WORK REQUIRED: Set down the whole listing below exactly. The pictures stay out.
== INFORMATION PROVIDED
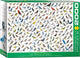 Eurographics - de wereld van vogels [the world of birds] - david sibley - 2000 stukjes 97×68cm (b×h) - familie legpuzzel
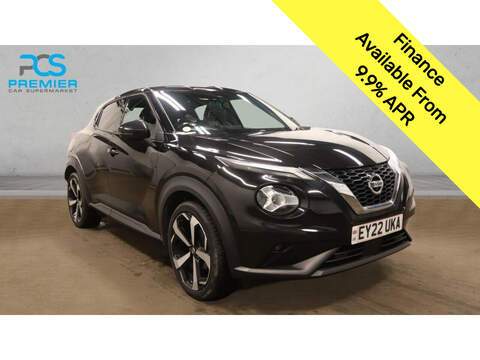 Nissan Juke 1.3 DIG-T MHEV N-Connecta SUV 5dr Petrol Hybrid XTRON Euro 6 (s/s) (158 ps)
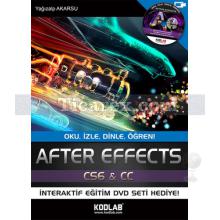 After Effects CS6 and CC (CD'li) | Yağızalp Akarsu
====
RESPONSE TO THIS TASK:
 Eurographics - de wereld van vogels [the world of birds] - david sibley - 2000 stukjes 97×68cm (b×h) - familie legpuzzel
 Nissan Juke 1.3 DIG-T MHEV N-Connecta SUV 5dr Petrol Hybrid XTRON Euro 6 (s/s) (158 ps)
 After Effects CS6 and CC (CD'li) | Yağızalp Akarsu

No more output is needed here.